[TASK DETAILS] Your answer should contain only the lines from the top of the data below down through the one with "Another example: the", transcribed exactly and without pictures; please include nothing more.

Stored data entries
● ● ● ● ● ● ●

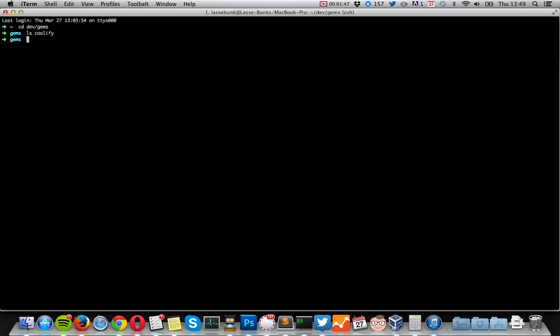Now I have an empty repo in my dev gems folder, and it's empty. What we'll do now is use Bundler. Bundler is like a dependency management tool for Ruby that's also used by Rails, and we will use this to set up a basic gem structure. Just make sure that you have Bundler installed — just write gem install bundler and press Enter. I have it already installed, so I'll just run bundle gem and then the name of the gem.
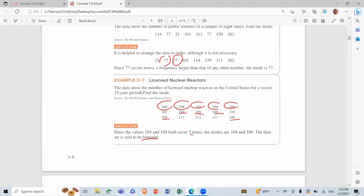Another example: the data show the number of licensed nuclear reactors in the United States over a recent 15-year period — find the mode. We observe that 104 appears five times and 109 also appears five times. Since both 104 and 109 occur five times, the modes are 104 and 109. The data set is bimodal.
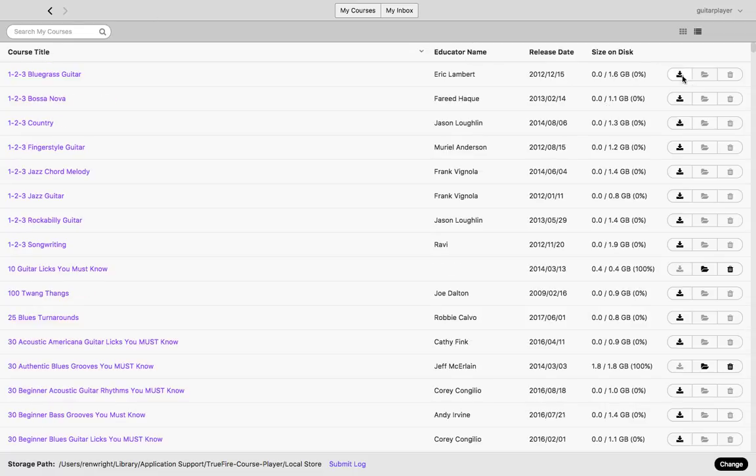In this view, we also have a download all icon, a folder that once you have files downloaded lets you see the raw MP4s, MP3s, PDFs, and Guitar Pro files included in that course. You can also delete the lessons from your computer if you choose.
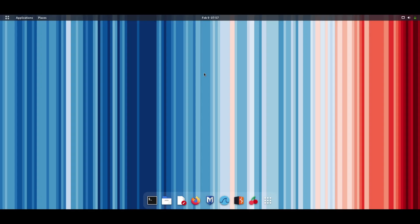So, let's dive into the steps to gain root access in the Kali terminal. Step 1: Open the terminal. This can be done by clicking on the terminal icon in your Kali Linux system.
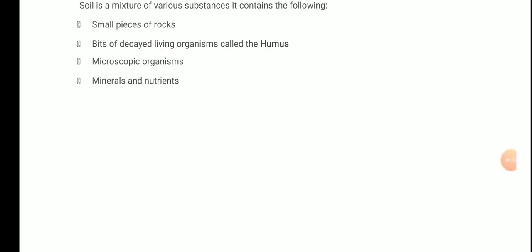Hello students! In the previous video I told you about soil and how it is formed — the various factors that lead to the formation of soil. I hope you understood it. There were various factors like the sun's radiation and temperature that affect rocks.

● ● ● ● ● ● ●

[ANSWER TO THIS PROBLEM]
Now I have an empty repo in my dev gems folder, and it's empty. What we'll do now is use Bundler. Bundler is like a dependency management tool for Ruby that's also used by Rails, and we will use this to set up a basic gem structure. Just make sure that you have Bundler installed — just write gem install bundler and press Enter. I have it already installed, so I'll just run bundle gem and then the name of the gem.
Another example: the data show the number of licensed nuclear reactors in the United States over a recent 15-year period — find the mode. We observe that 104 appears five times and 109 also appears five times. Since both 104 and 109 occur five times, the modes are 104 and 109. The data set is bimodal.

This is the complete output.